En résumé, l’Islam est la religion de la Tunisie (article 1), mais la Tunisie est un Etat civil où seule la loi civile s’applique (article 2)
Le législatif est assuré par une assemblée unique dans des conditions démocratiques, fixées notamment aux articles 60 et 62 : « Article 60 L’opposition est une composante essentielle de l’Assemblée des représentants du peuple, elle a des droits lui permettant d’accomplir ses missions dans le cadre du travail parlementaire et lui garantissant la représentativité adéquate dans les structures et activités de l’Assemblée, sur les plans intérieur et extérieur. / Article 62 L’initiative des lois est exercée par des propositions de lois émanant de dix députés au moins ou par des projets de loi émanant du Président de la République ou du Chef du gouvernement. » Enfin, aux termes de son article 102 « Le pouvoir judiciaire est indépendant et garantit l’instauration de la justice, la suprématie de la Constitution, la souveraineté de la loi et la protection des droits et des libertés. Le magistrat est indépendant. Il n’est soumis dans l’exercice de ses fonctions qu’à l’autorité de la loi. » Les pouvoirs sont clairement séparés.

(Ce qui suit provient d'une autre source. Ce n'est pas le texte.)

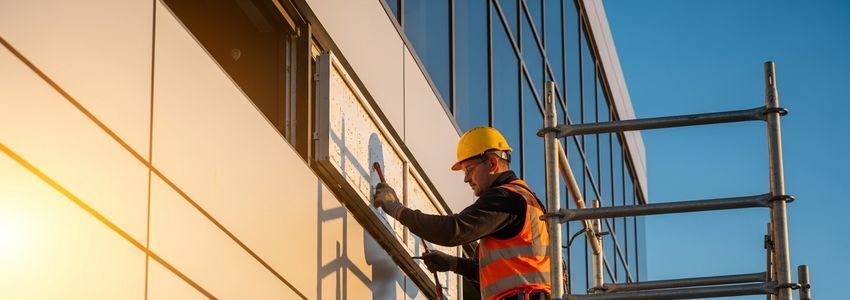Professional technician installing commercial LED display components on a building exterior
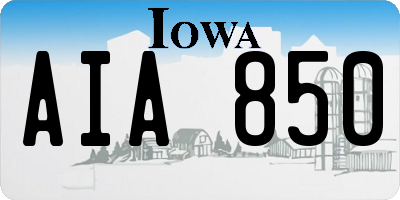 IA license plate AIA850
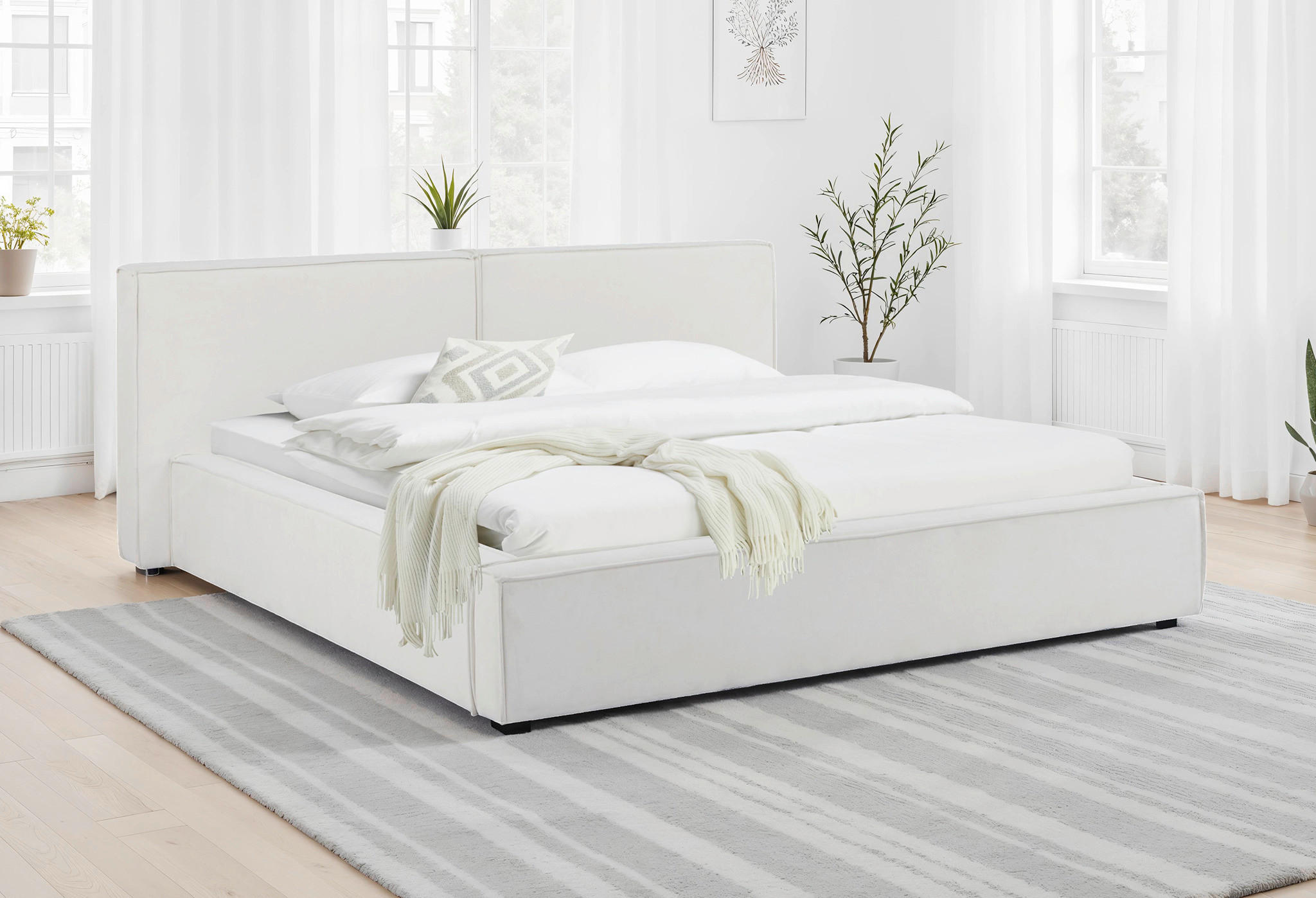 POLSTERBETT 180/200 cm,  in Beige, Lattenrost,  - Beige/Schwarz, MODERN, Holz/Kunststoff (180/200cm) - Livetastic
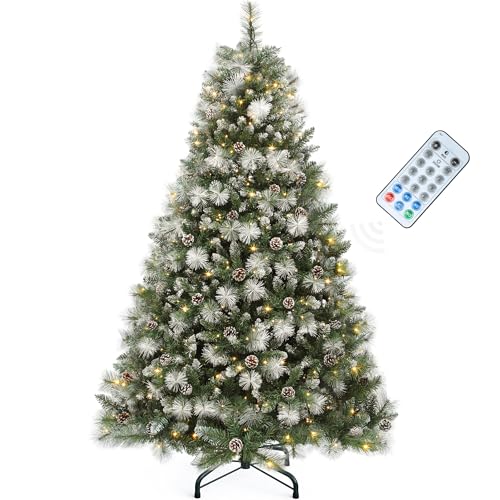 YITAHOME 7.5ft Prelit Scotch Pine Christmas Tree with Remote Control, Pre-Decorated Frosted Christmas Tree with Pine-Cones & Needles, Warm White/Multicolor Changing Lights for Home/Office by YITAHOME - Used condition - US$46.43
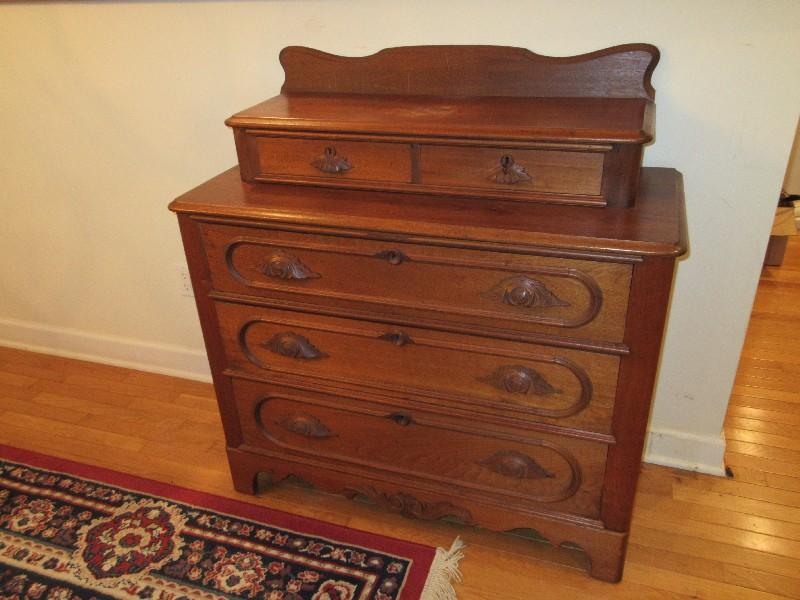 Antique Walnut Victorian Era 3 Drawer Dresser w/ Glove Boxes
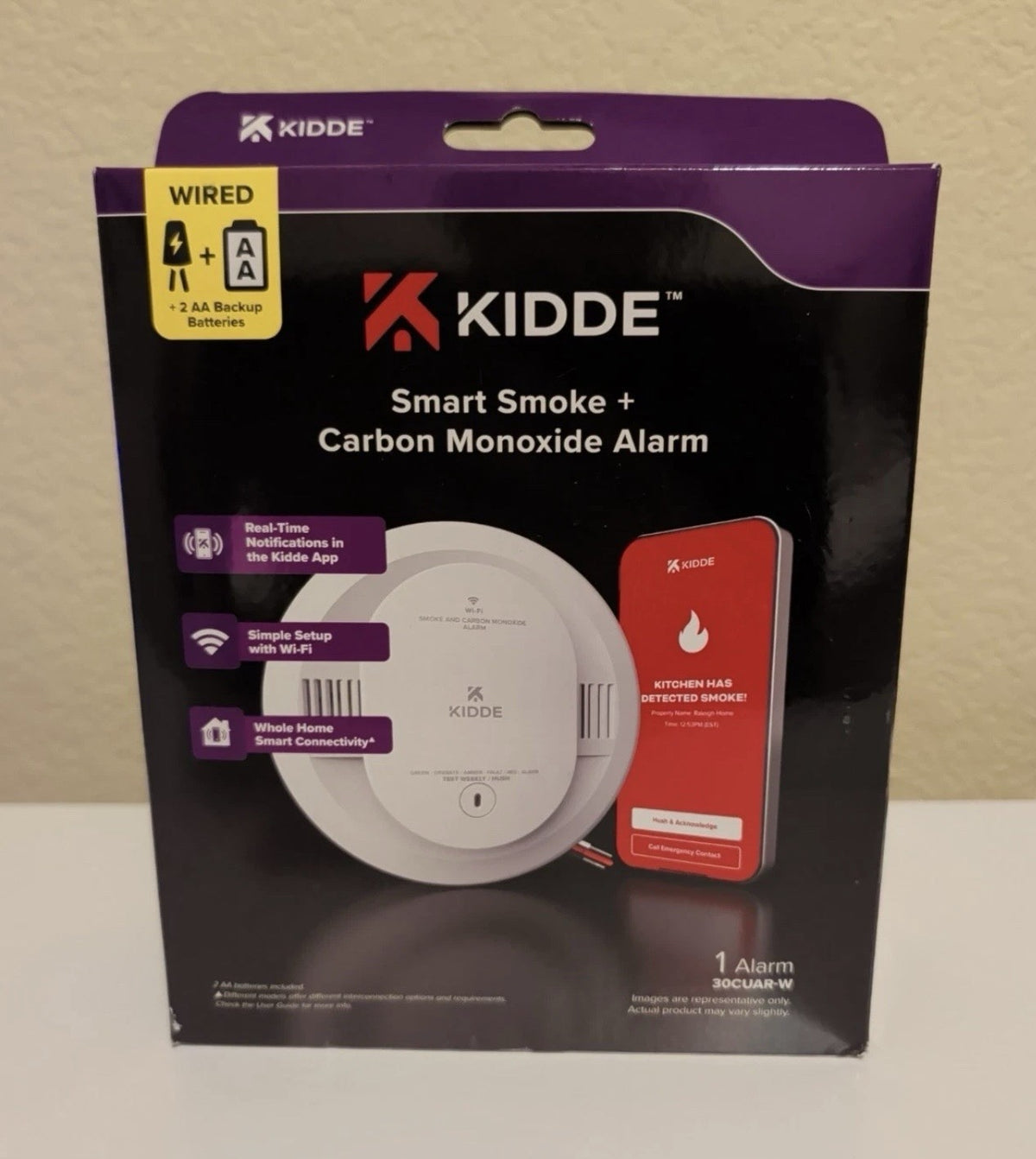 Kidde Smart Smoke and Carbon Monoxide Alarm Hardwired Wi-Fi 30CUAR-W - NEW!
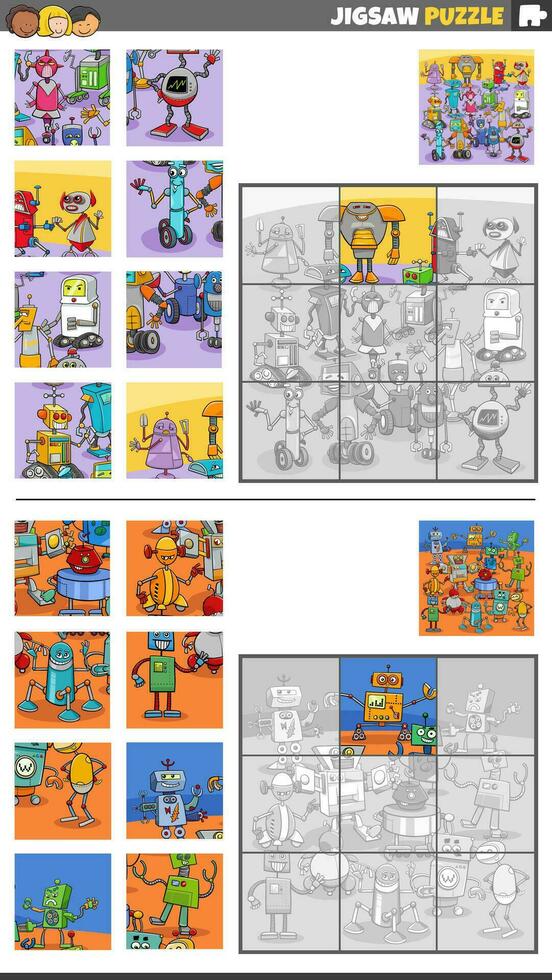 Puzzle Puzzle Aktivitäten einstellen mit Karikatur Roboter Zeichen vektor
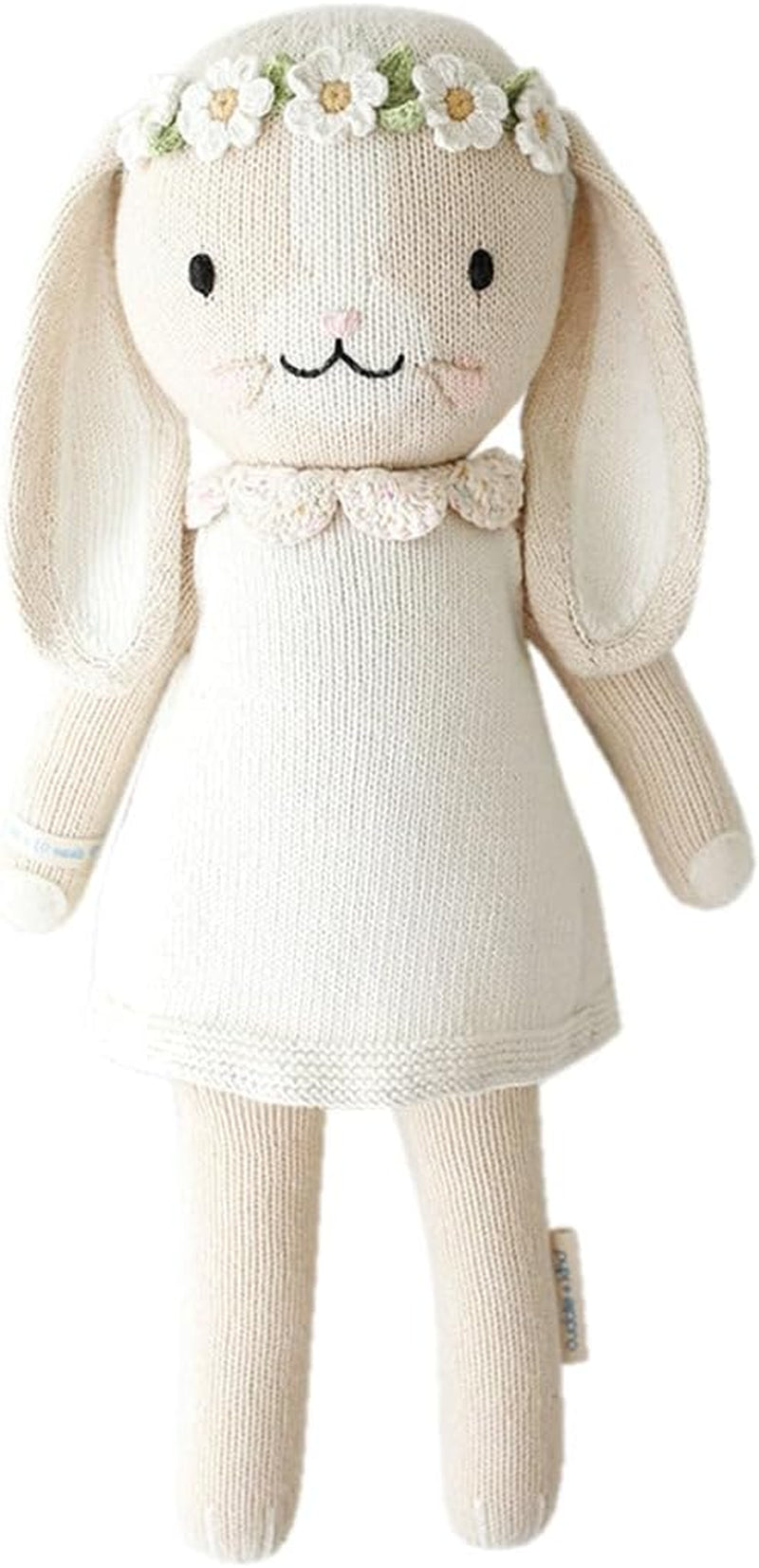 Cuddle + Kind Hannah the Bunny Ivory Little 13" Hand-Knit Doll – 1 Doll = 10 Meals, Fair Trade, Heirloom Quality, Handcrafted in Peru, 100% Cotton Yarn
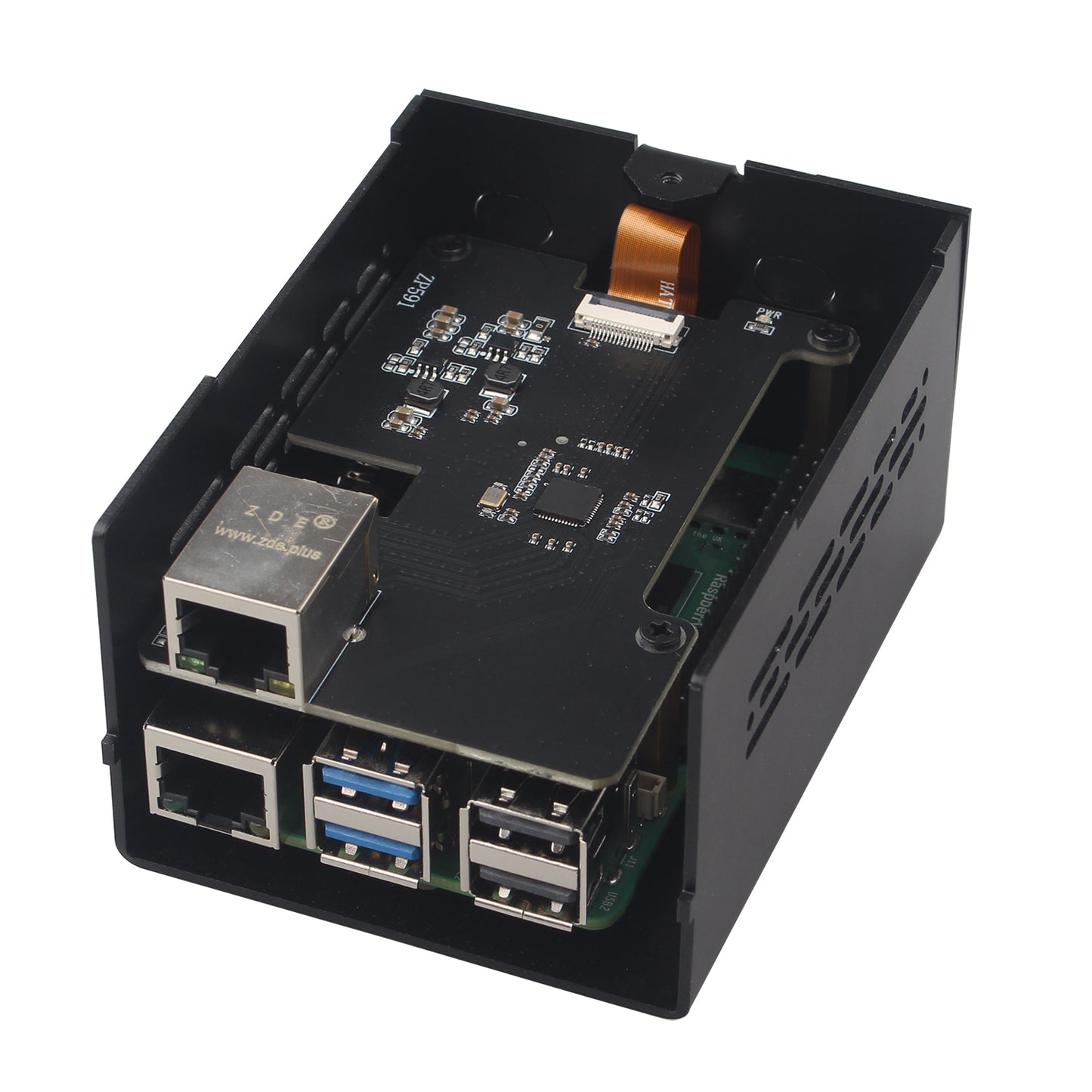 ZDE ZP591 PCIe to 2.5G Ethernet Network Port HAT Expansion Board with Aluminum Case ZC506 for Raspberry Pi 5 2GB 4GB 8GB 16GB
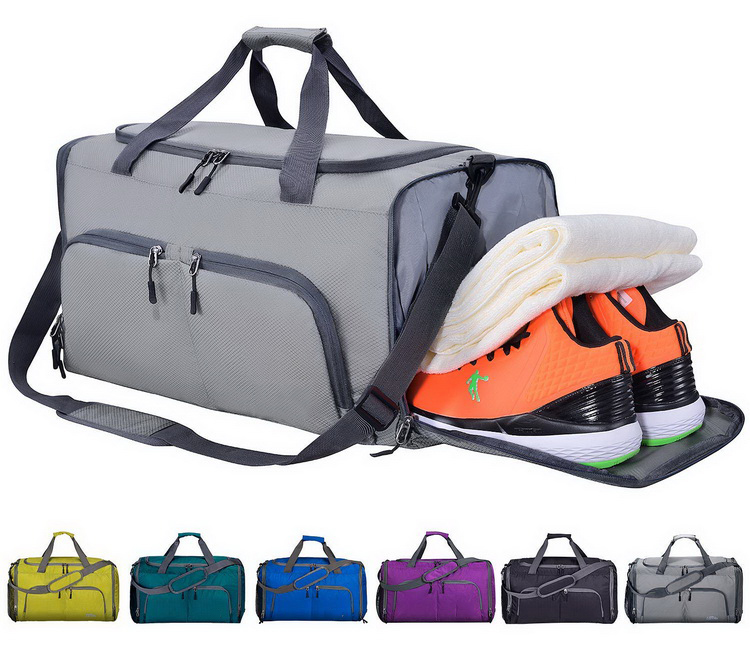 Borsone da viaggio pieghevole borsone sportivo borsa da palestra impermeabile con logo personalizzato scomparto per scarpe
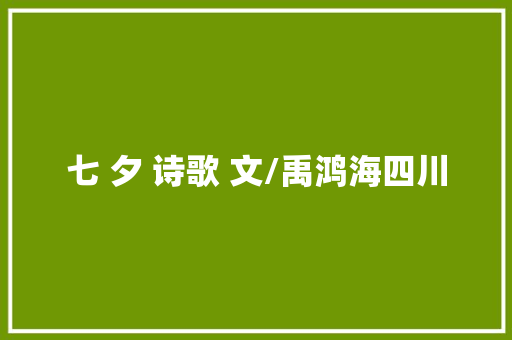 七 夕 诗歌 文/禹鸿海四川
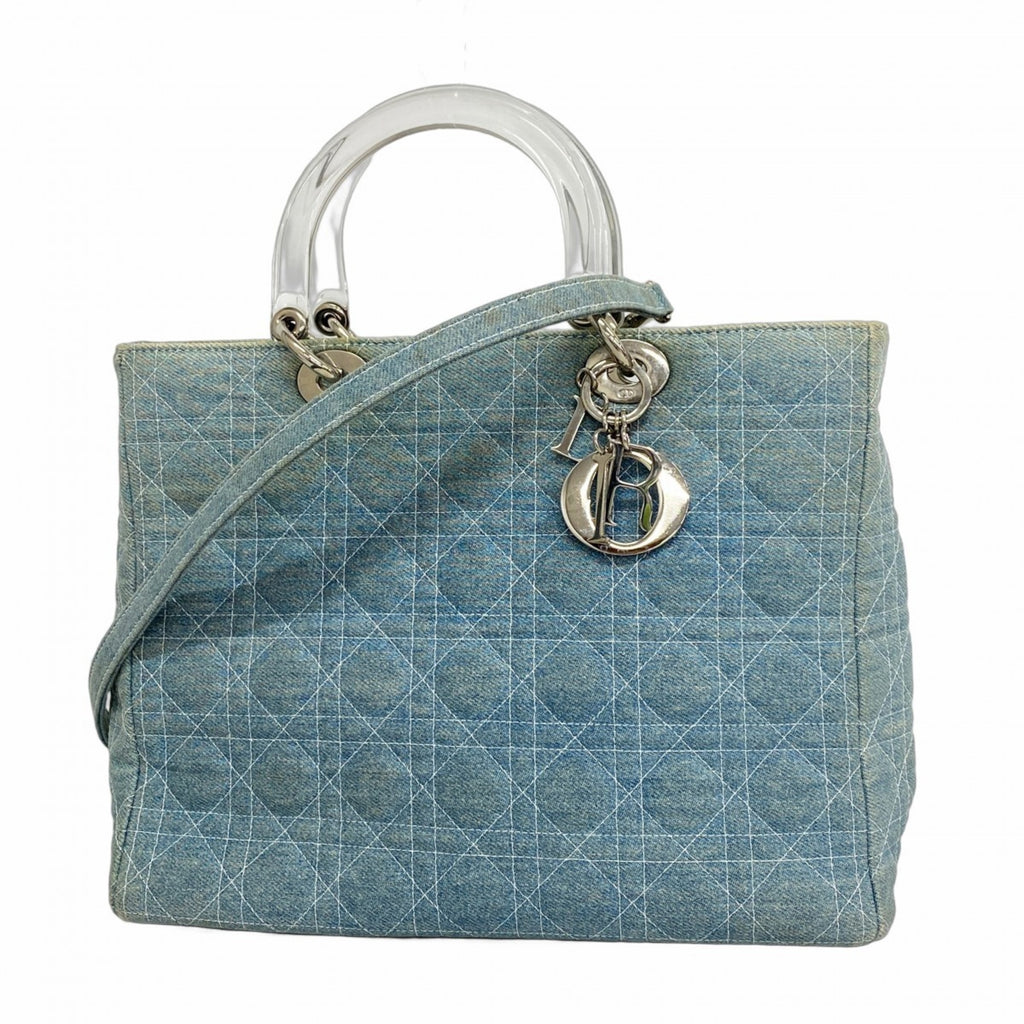 CRD Dior Cannage Lady Denim Blue 2-Way Bag for Women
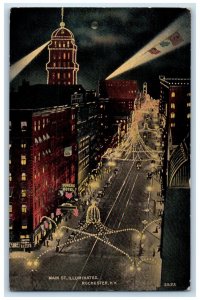 1910 Main St. Illuminated Night Moon Rochester New York Vintage Antique Postcard 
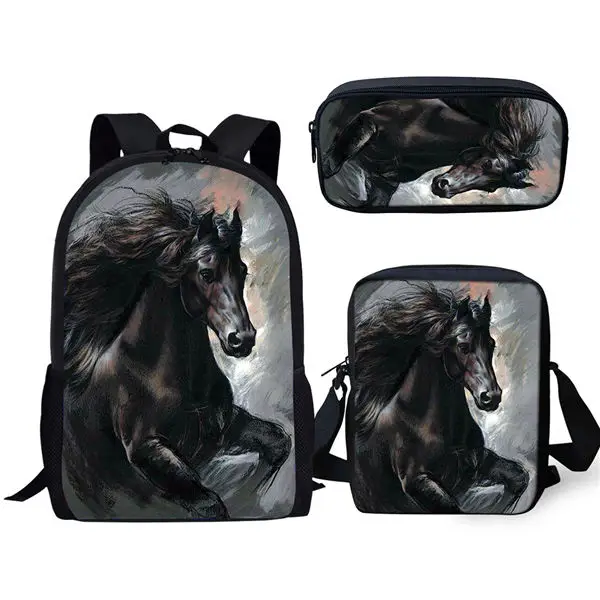 

Classic Creative Friesian Horse 3D Print 3pcs/Set pupil School Bags Laptop Daypack Backpack Inclined shoulder bag Pencil Case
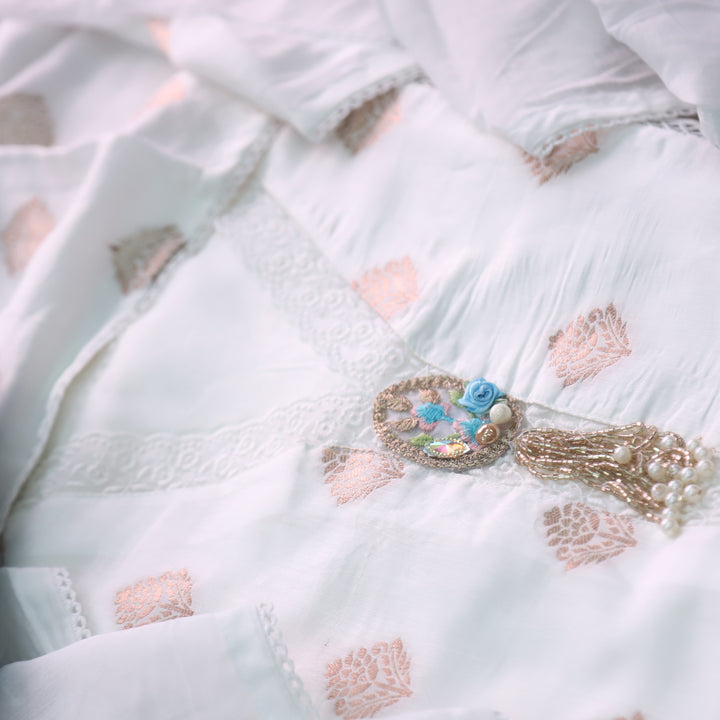 Ishani Pearl White V Neck Lace work with Brocade Weaved Silk Suit Set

Au cours de la dernière année, M. Kaïs Saïed a foulé aux pieds ces principes. Après avoir suspendu les travaux du Parlement, privé ses membres de leur indemnité et renvoyé le Gouvernement de M. Hichem Mechichi, il gouverne par décret, dissout les instances de contrôle de la constitutionnalité des lois et de lutte contre la corruption, limoge cinquante-sept magistrats et démantèle le Conseil de la magistrature. Enfin, il livre le pays aux exigences du Fonds monétaire international (FMI) en 2022 – privatisations et suppression des aides publiques en faveur de l’accès aux produits de base – contre un prêt de quatre milliards de dollars.
La constitution dite du 25 juillet 20221 a pour objet de donner un fondement juridique à la dictature exercée par M. Kaïs Saïed. Elle substitue la notion de « fonctions » à celle de « pouvoirs ». Elle divise la « fonction législative » entre deux chambres, qui n’auront pas de pouvoir de contrôle de l’action de l’Exécutif. Elle prévoit que la seconde est celle des régions qui auront la possibilité, dans des conditions encore très floues, de soumettre des projets de développement au Chef de l’État détenteur exclusif de l’initiative de la loi et du pouvoir de nommer le Gouvernement et les membres de la Cour constitutionnelle. Elle porte atteinte à l’indépendance de la justice. Enfin, l’article 5 de cette constitution indique que la Tunisie appartient à la « oumma islamique » et que l’État vise à « appliquer les finalités de l’islam » : c’est la fin de l’État civil et de l’État de droit en Tunisie.
La Fédération nationale de la Libre Pensée est membre de l’Association internationale de la Libre Pensée (AILP), constituée notamment pour œuvrer partout dans le monde à la Séparation des États et des religions, constate à nouveau que la démocratie ne peut se concevoir sans liberté absolue de conscience. C’est pourquoi, elle estime que l’adoption de cette nouvelle Constitution soumis au plébiscite du 25 juillet 2022 constituerait un recul en matière démocratique. Elle se prononce pour le retour à la Constitution tunisienne du 26 janvier 2014.
Le 26 juillet 2022
1 Soixante-sixième anniversaire de l’indépendance de la Tunisie.